Pennsylvania senate passes bill that would allow state, local transportation authorities to partner with private groups to provide funding; bill intended to address US$3.5B annual shortfall in funds for roads, bridges
GRAIN VALLEY, Missouri
December 16, 2011
(Land Line Magazine)
– Authorization for the Pennsylvania DOT to partner with private groups to get work done on existing transportation infrastructure is one step closer to reality.
OOIDA officials say truckers already pay taxes and other user fees to access freeways. As a result, charging tolls on existing roads would amount to an additional tax.
“Tolls are taxes, and paying both tolls and fuel taxes amounts to double taxation,” Association leadership states in its list of highway funding principles. “OOIDA adamantly opposes the sale or lease of existing roads and efforts to convert non-tolled roads into toll facilities.”
The Pennsylvania Senate voted 49-1 on Wednesday, Dec. 14 to advance a bill that is intended to help address an estimated $3.5 billion annual shortfall in funds needed for roads, bridges and transit. The bill would allow state government and local transportation authorities to partner with private groups to provide funding.
The bill – SB344 – now moves to the House for further consideration. A nearly identical House version – HB3 – could come up for a vote within the next week.
Advocates of public-private partnerships say mounting pressures to simply maintain existing transportation infrastructure is reason enough to innovate and adapt to overcome those challenges.
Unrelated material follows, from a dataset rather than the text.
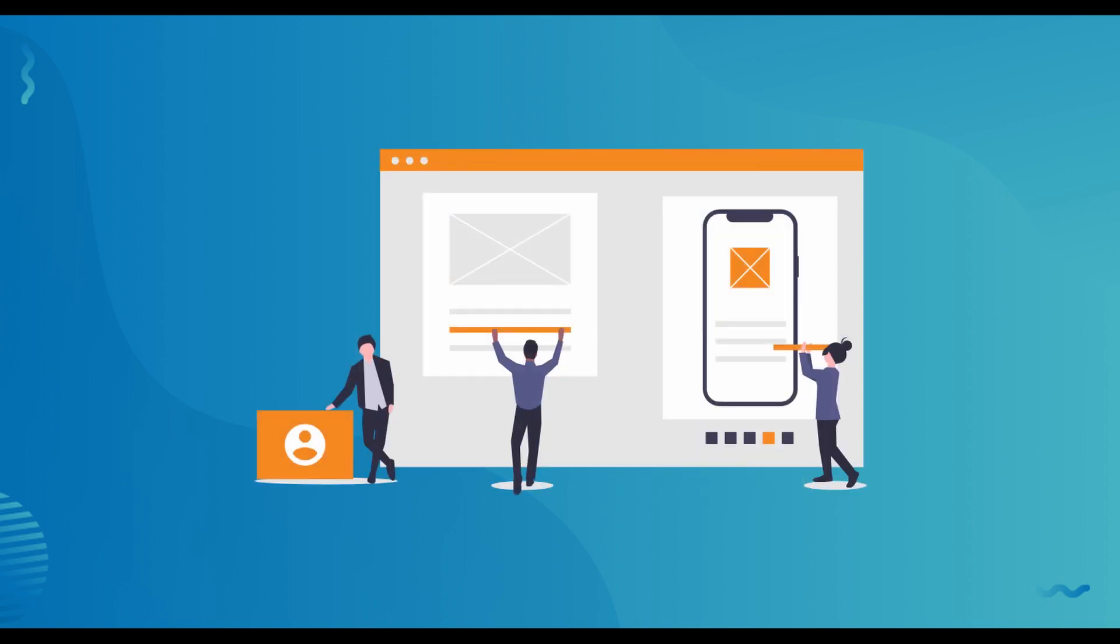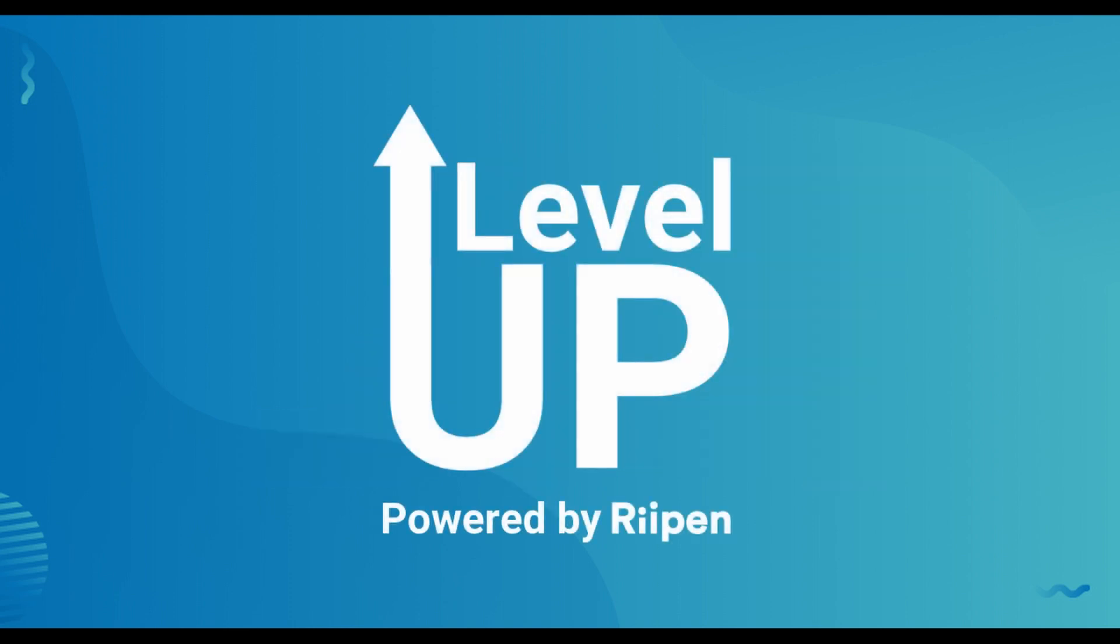The next generation of Canadian talent is ready to help. What projects are you ready to Level Up?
Rep. Rick Geist, R-Blair, said the state needs to be in the business of partnering to fund repairs on highways and bridges.
“There are projects that people are looking at, and they are ready to go,” Geist previously told lawmakers.
One group he recently identified that is ready to do business in the state is Goldman Sachs. The company has frequented capitols around the country for years touting the benefits of signing over state assets to private developers.
Opponents say the private sector option would not adequately address the state’s highway funding needs. Others say the method benefits only high-traffic areas and does nothing to help the state’s rural areas.
If approved, a seven-member board would be created to review toll proposals. The Senate version would allow four state lawmakers to sit on the board.
Before any deal could be green-lighted by the board the Pennsylvania General Assembly would get a 20-day window to vote on the project.
Ryan Bowley, OOIDA’s director of legislative affairs, said he is concerned that Pennsylvania officials view public-private partnerships as a quick fix to years of mismanaging transportation revenue highlighted by the state’s $3.5 billion annual shortfall.
“In resorting to tolls they essentially are trying to hide the fact that they have had decades of poor management decisions in terms of investing limited transportation dollars,” Bowley said.
Bowley said that truckers and motorists are left to pay for the state’s bad decisions.
Despite the late date on the calendar, the bill does not face any pressing deadlines. Year two of the state’s two-year session begins in early January.
OOIDA encourages Pennsylvania members to contact their state lawmakers about the legislation.